I'm off to buy a volt meter so I can test the different parts. 

I don't understand how to jump the starter with a screw driver. I can't get a screw driver to touch both things you described.


----------



## sixbales (May 18, 2011)

You can use a plier to jump the terminals if necessary.....make sure the transmission is in neutral with the brake set so you don't get run over.


----------



## susan canaday (Jul 23, 2018)

My volt meter says the battery is very good. I had to spend some hours working on my chain saw....trying to get back to tractor....
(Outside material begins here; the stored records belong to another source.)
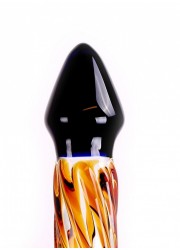 Gode en verre Glas Dildo Black & Yellow Rocket detail gland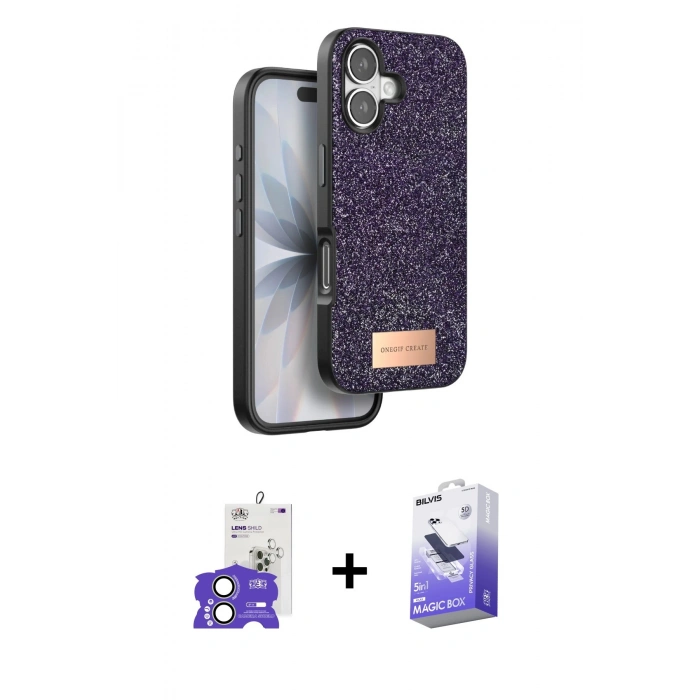 MARSİLYAN™- iPhone 17 Kılıf Vadi Klasik Serisi - Siyah Bilvis 5in1 5D Magic Hayalet Cam Ekran Koruyucu + Bilvis Titan Kamera Lens - AKYL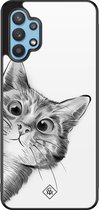 Casimoda® hoesje - Geschikt voor Samsung Galaxy A32 5G - Peekaboo Kat - Zwart TPU Backcover - Kat - Zwart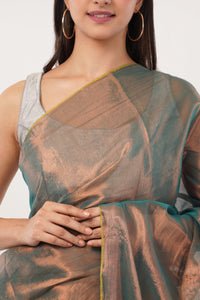 Suman SantiPur Saree SHIMMERING TEAL | Handloom Tissue | Indidha Saree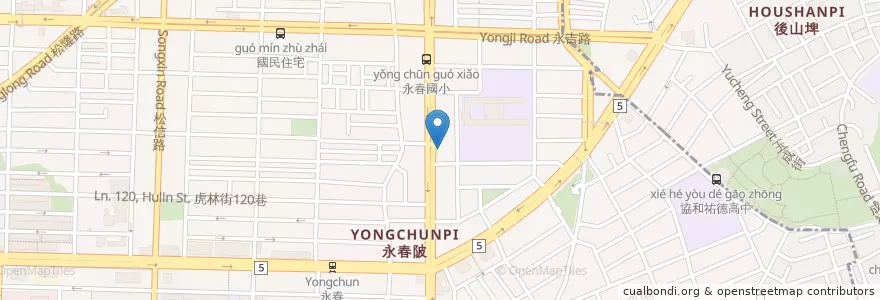 Mapa de ubicacion de 合作金庫商業銀行 en 臺灣, 新北市, 臺北市, 信義區.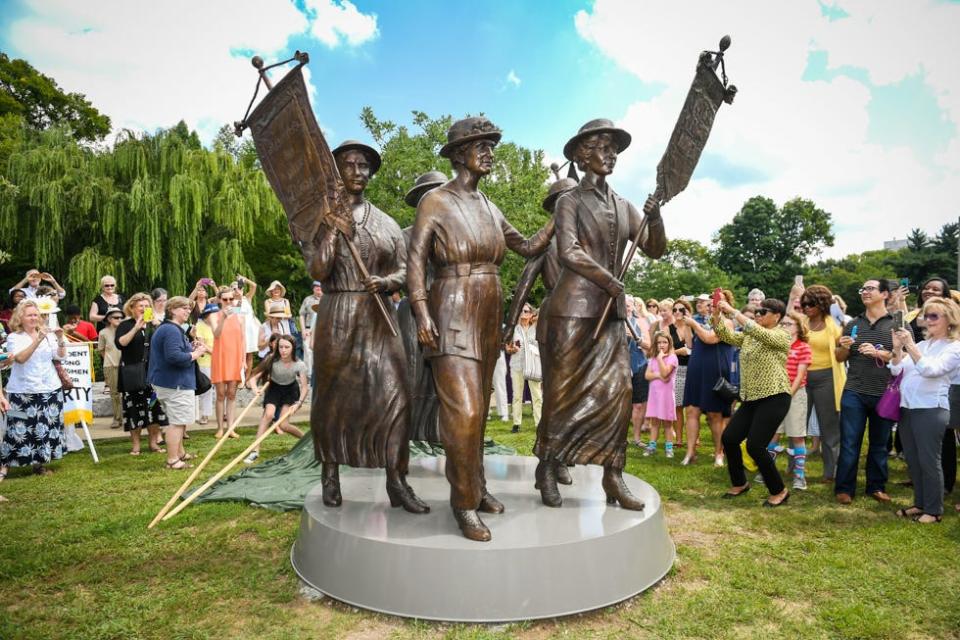 The Tennessee women's suffrage monument was unveiled at Centennial Park on Aug. 26, 2016.
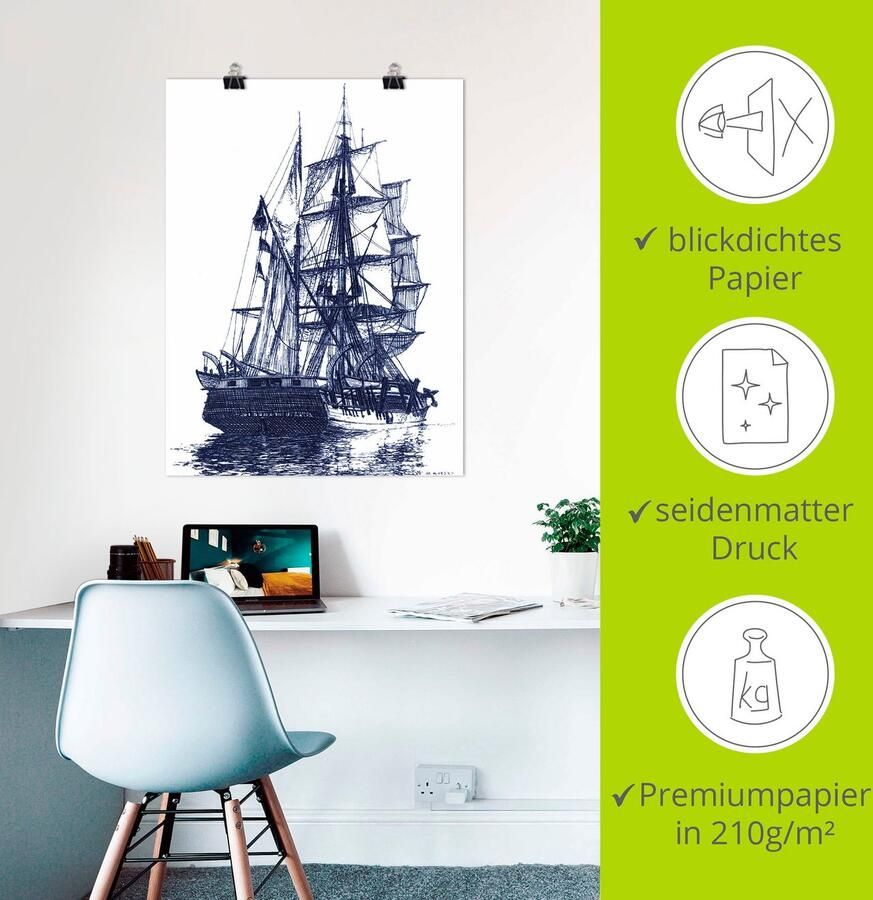 Artland Artprint Antieke boot in blauw I als artprint van aluminium artprint voor buiten poster in diverse formaten - Foto 3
there are rubber covers over all the connections to the starter solenoid, I was trying to stick the multimeter probe in there...


----------



## FredM (Nov 18, 2015)

don't like to jump in but have a look at this solenoid, yours may be like this.
"A" post is battery supply
"B" spade is starter switch connection
"C" post is power supply through solenoid to starter when solenoid is activated. 

Sixbales wants you to place the screw driver onto the starter spade "B" and touch Post "A" to make a circuit so this will engage the starter motor, be aware that when you bridge across the two contacts, there could be a heavy arc, so make sure you place the screw driver onto the spade first and then slide to the "A" post, that way the arc wont damage the spade.


----------



## thepumpguysc (Jan 25, 2015)

They make a "tool" to do the EXACT same thing but w/ no arcing..
Its called a "remote starter button" it has 2 alligator clips & a push button..
1 goes on term. A & 1 goes on term. B.. Then you push the button..
They have long cords on them so you can stand back away from the wheels..
A "cheap" one costs 5.00 at the auto parts store or flee market..
But us "experienced folks" {Lol} just pick up a screwdriver.. or a pair of pliers, if theres a plastic bridge between the terminals..
Google it..


----------



## susan canaday (Jul 23, 2018)

Aha. You guys are geniuses, thanks. Will try it today.


----------



## thepumpguysc (Jan 25, 2015)

I have a buddy like that Bales.. first thing he does when he gets a new, used car is "punch out" the key switch.. no keys to keep track of.. Lol


----------



## deerhide (Oct 20, 2016)

susan canaday said:


> Aha. You guys are geniuses, thanks. Will try it today.


There will likely be a 'spark' so don't be alarmed!


----------



## Oldman11 (Jul 20, 2018)

Look on the left side of tractor and there is a main fuse that may be out. The fuse is made in the main line from battery to starter,that’s what happened to mine.


----------